TrajectoryAccumulator: the client-side adder¶
TrajectoryAccumulator is a client-side helper for accumulating multi-timescale
pytree samples before calling client.send. It exists because RL rollout
workers often produce data at more than one rate (one transition per env
step, plus one summary statistic per episode), and you usually want to send
them together as a single message rather than as a stream of singleton
samples.
When to use it¶
- You have a rollout of
Ttransitions and want to send them in one shot, notTseparatesendcalls. - You have data at several timescales (per-step, per-N-step, per-episode) that share a single message.
How it works¶
Construct it with a dict whose top-level keys are timescale names. Each
leaf's leading dimension is the number of add() calls expected before the
buffer is ready to send.
import numpy as np
from echo import TrajectoryAccumulator, TcpClient
T = 64 # rollout length
example = {
"step": {
"obs": np.zeros((T, 4), dtype=np.float32),
"reward": np.zeros((T, 1), dtype=np.float32),
},
"episode": {
"return": np.zeros((1,), dtype=np.float32),
},
}
# The server is constructed with the same example.
client = TcpClient("localhost", 50051, example)
buf = TrajectoryAccumulator(example)
for _ in range(num_rollouts):
episode_return = 0.0
for _ in range(T):
obs, reward = env.step(...)
buf.add("step", {"obs": obs, "reward": reward})
episode_return += float(reward)
buf.add("episode", {"return": np.array([episode_return], dtype=np.float32)})
client.send(buf.build())
Mental model¶
TrajectoryAccumulator is just pre-allocated numpy arrays plus per-timescale slot
counters. add() writes into the next free slot for that timescale via
slice assignment; build() returns the filled pytree, flips the active
buffer (so the next round writes into a fresh one without allocating), and
resets the counters.
There's no network or Rust involvement; it's purely a way to amortise the
flatten-and-send cost across many environment steps. The pytree it returns
goes through the normal client.send path.
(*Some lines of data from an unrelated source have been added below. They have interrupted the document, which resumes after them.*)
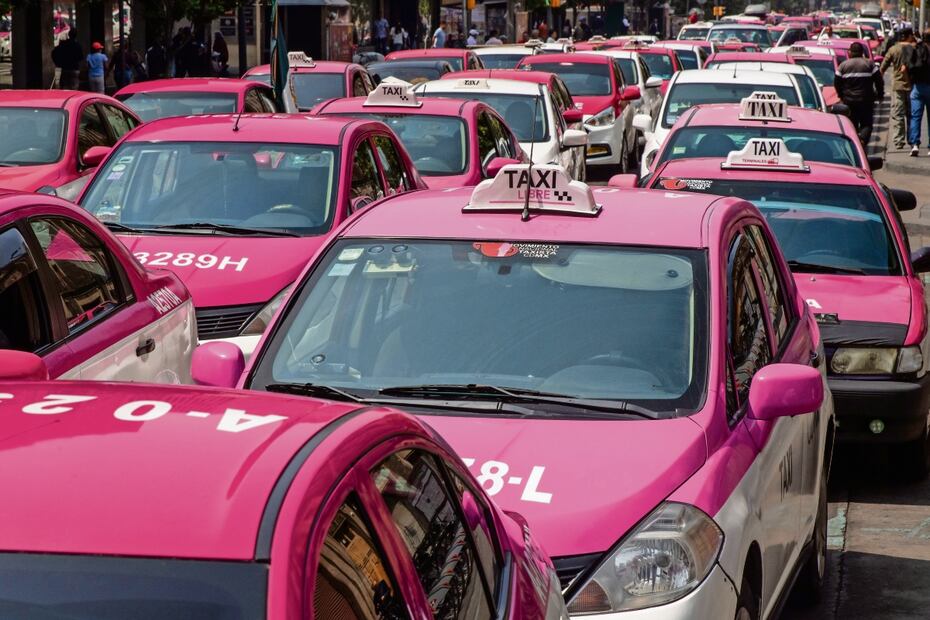 La licencia de servicio público la necesitan aquellos que manejen taxi, colectivo, servicio especializado y servicio a la comunidad. Foto: EL UNIVERSAL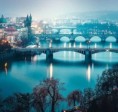 Praha měla loni druhou nejmladší populaci mezi kraji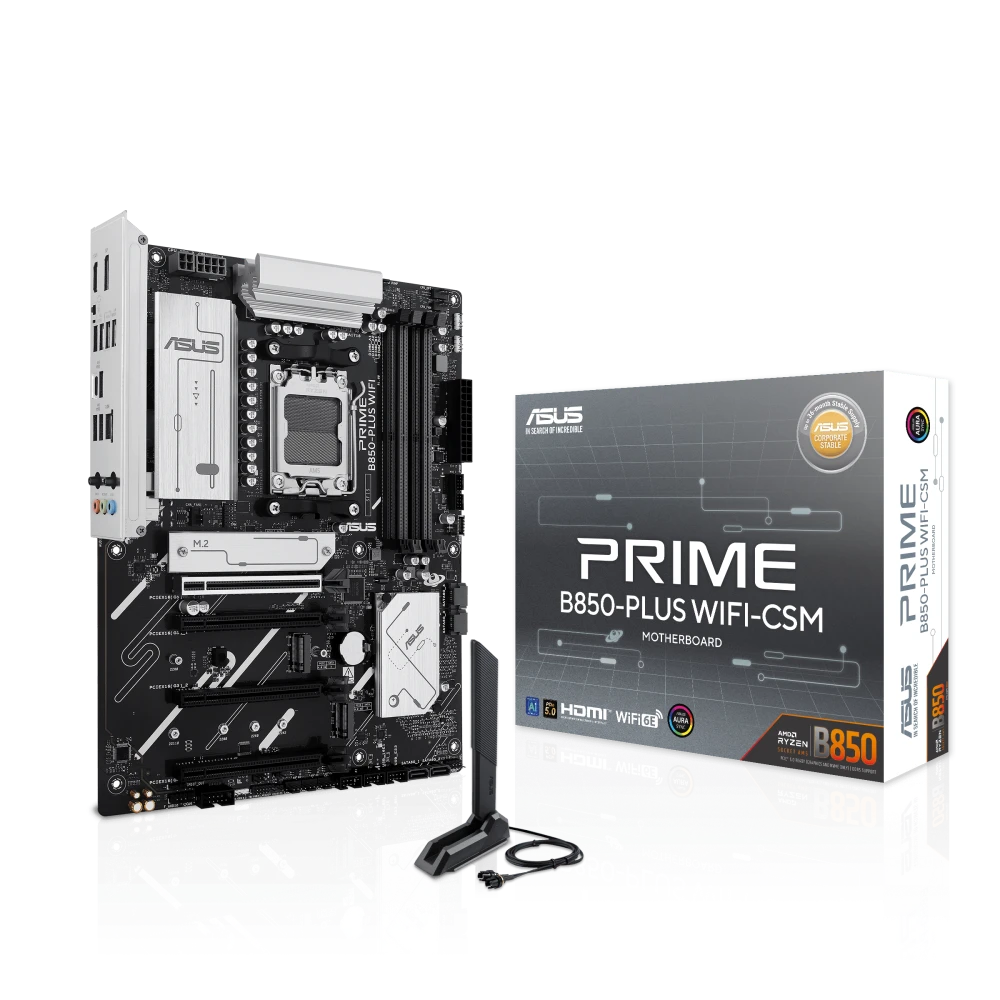 ASUS PRIME B850-PLUS WIFI CSM view 7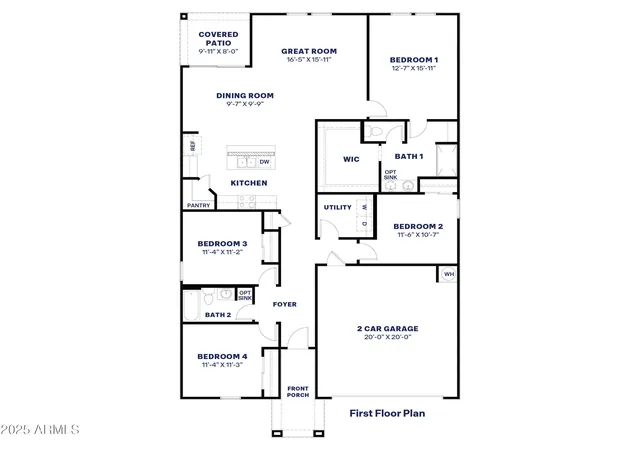2nd image of 26247 W Hasan Dr, Buckeye, AZ 85326 | MLS# 7058652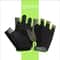 ProGrip Breathable Fingerless Gym Gloves For Weight Lifting Cycling Training 7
Two buffers, no allocation per rollout¶
TrajectoryAccumulator double-buffers internally: two copies of the pytree, with
build() swapping the active one. So while one buffer is being serialised
and sent, the next rollout can start filling the other without any
allocation. This matters when rollouts are short relative to flatten +
network latency.
Common pitfalls¶
- Leading-dimension mismatch within a timescale. All leaves under one
timescale key must share the same first axis size. That's what defines
"how many
addcalls before the buffer is full". The constructor checks this and raises. - Adding past capacity. If you call
addmore than the leading dimension allows, you getIndexError. Callreset()if you want to abort a partial rollout. - Dict-only at the top level. The top-level pytree must be a
dictwith timescale names. Below that, leaves can be any pytree shape thatoptreeunderstands.